Dataset records below:

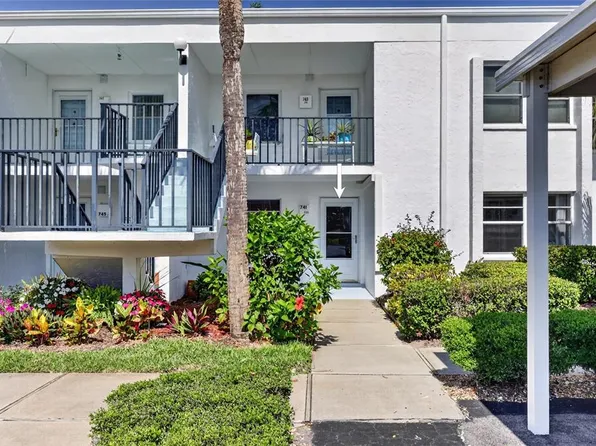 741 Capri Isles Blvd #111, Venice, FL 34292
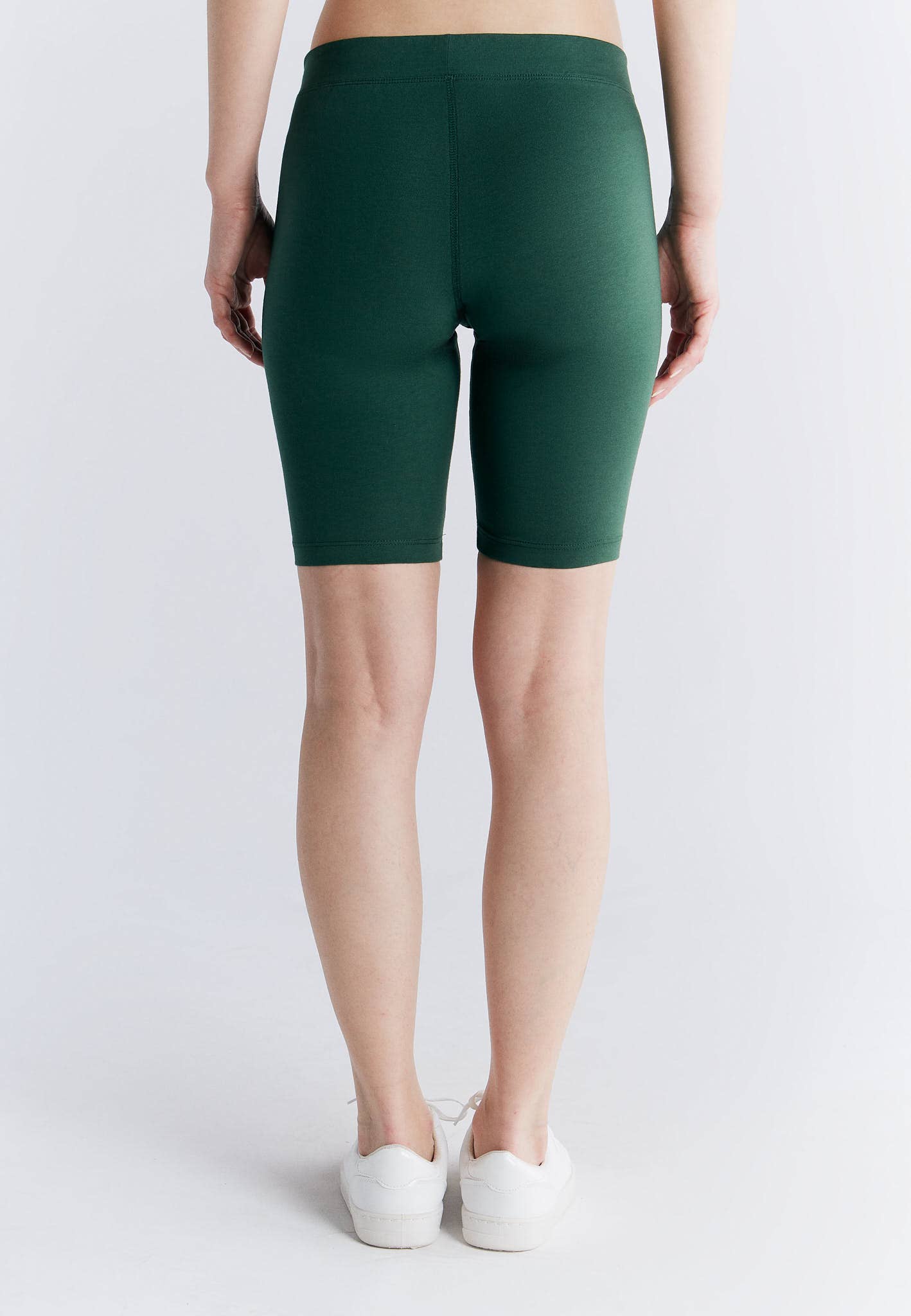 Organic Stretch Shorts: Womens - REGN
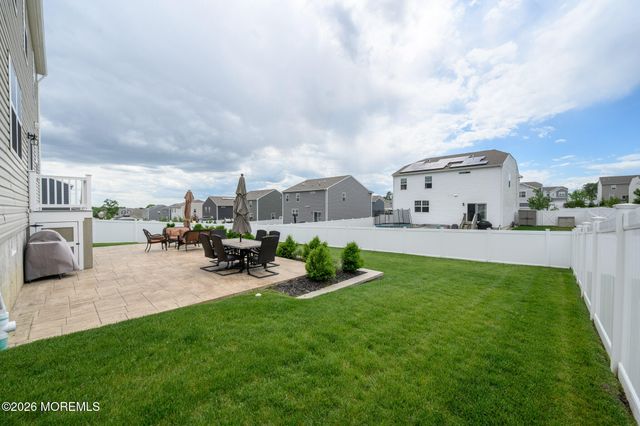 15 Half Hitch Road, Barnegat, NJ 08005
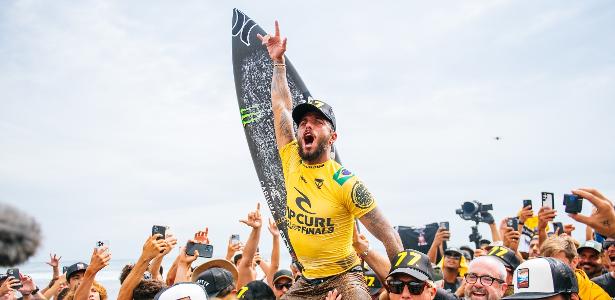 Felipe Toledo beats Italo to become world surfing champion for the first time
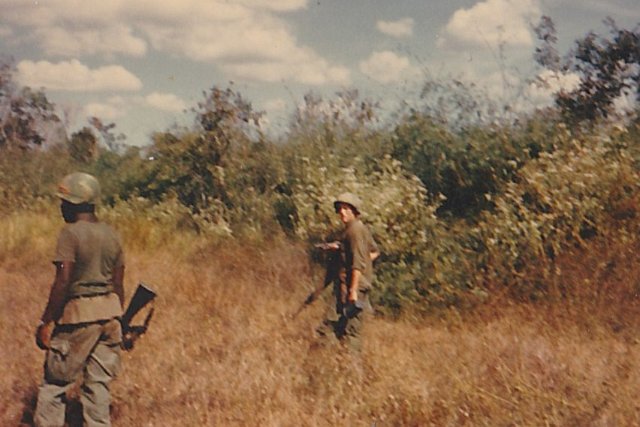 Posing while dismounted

End of Dataset records.
Dataset records below:

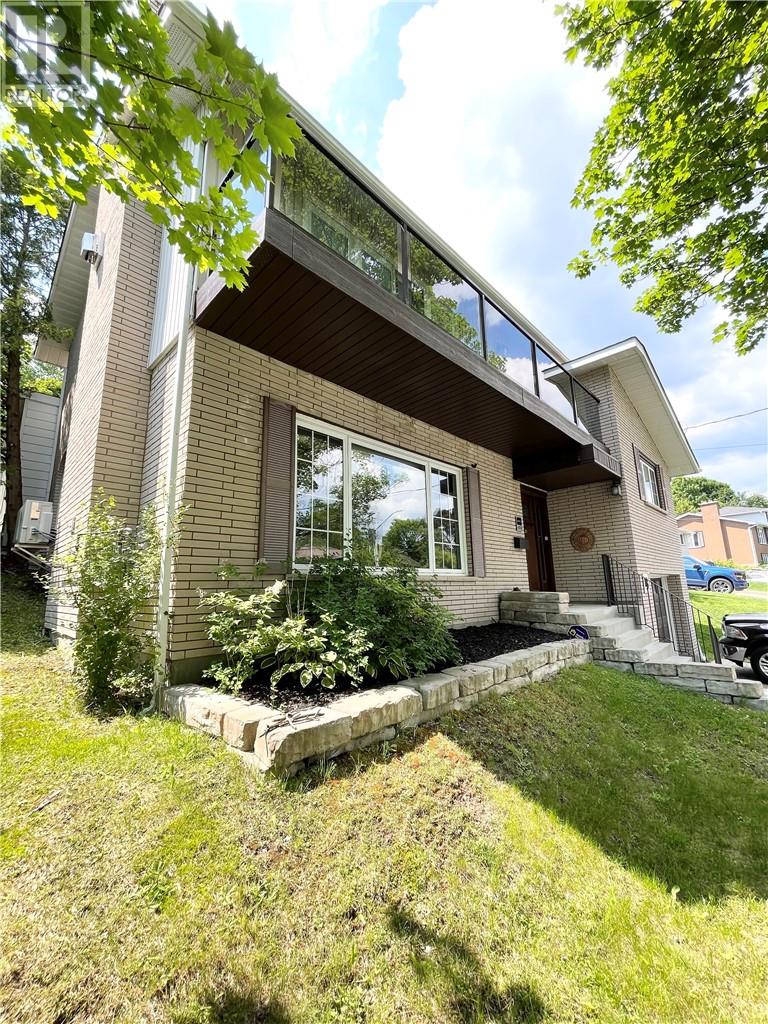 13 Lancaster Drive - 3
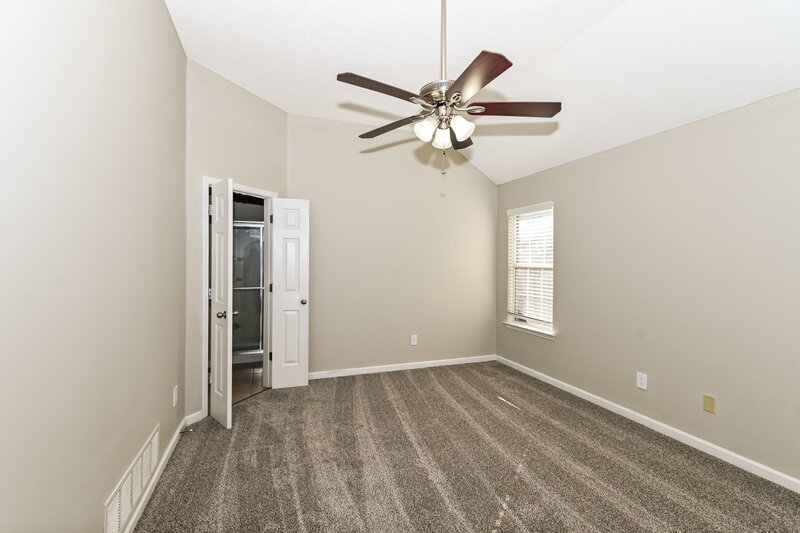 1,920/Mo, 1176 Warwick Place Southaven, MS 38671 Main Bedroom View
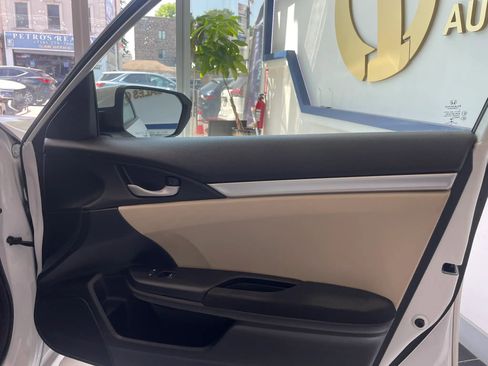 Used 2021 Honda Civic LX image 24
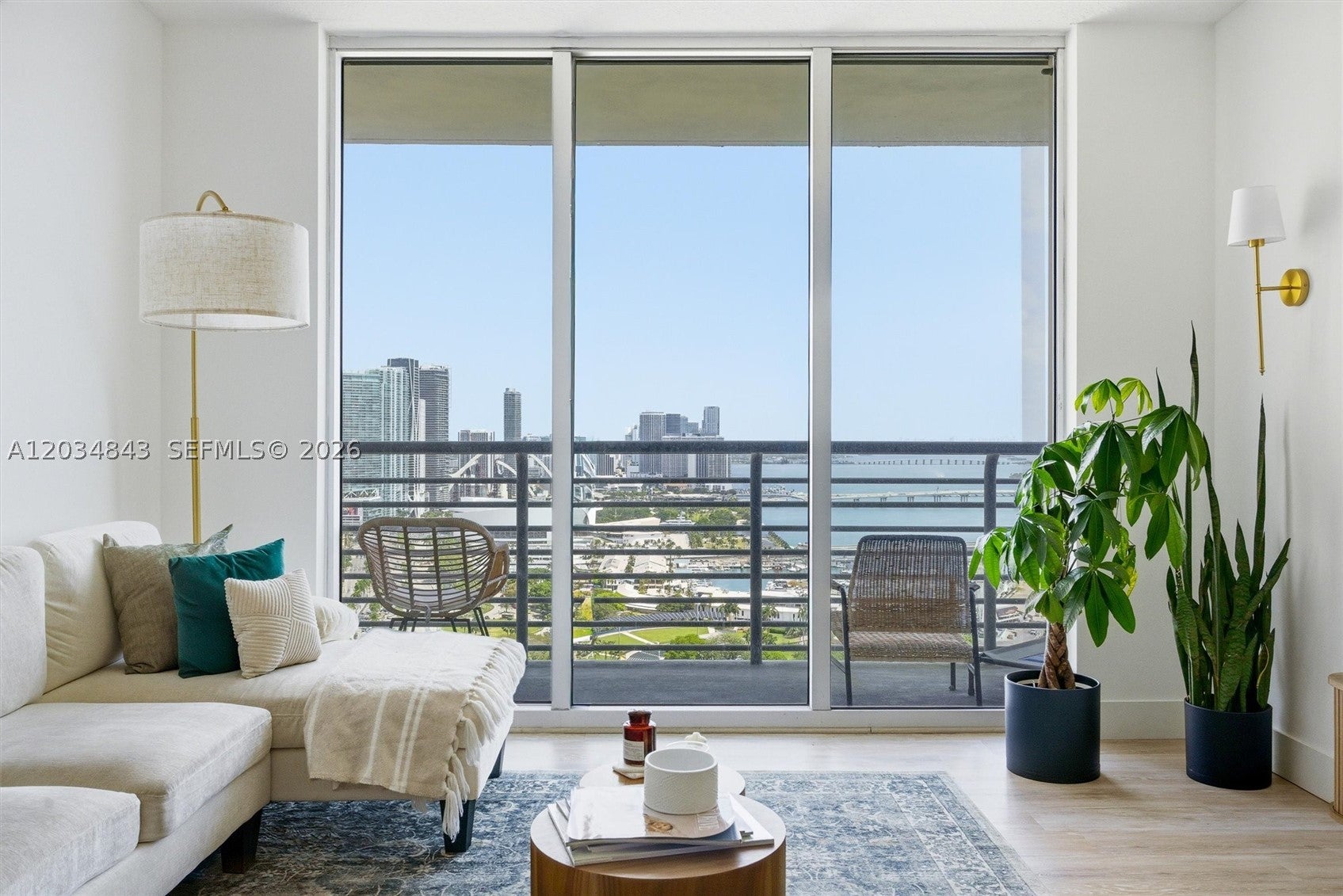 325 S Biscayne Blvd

End of Dataset records.

*Task directions*.
Reproduce the listing above from the line that holds "Used 2021 Honda Civic LX image 24" through the line that holds "325 S Biscayne Blvd", both included, with the pictures left out.

*Task solution*.
 Used 2021 Honda Civic LX image 24
 325 S Biscayne Blvd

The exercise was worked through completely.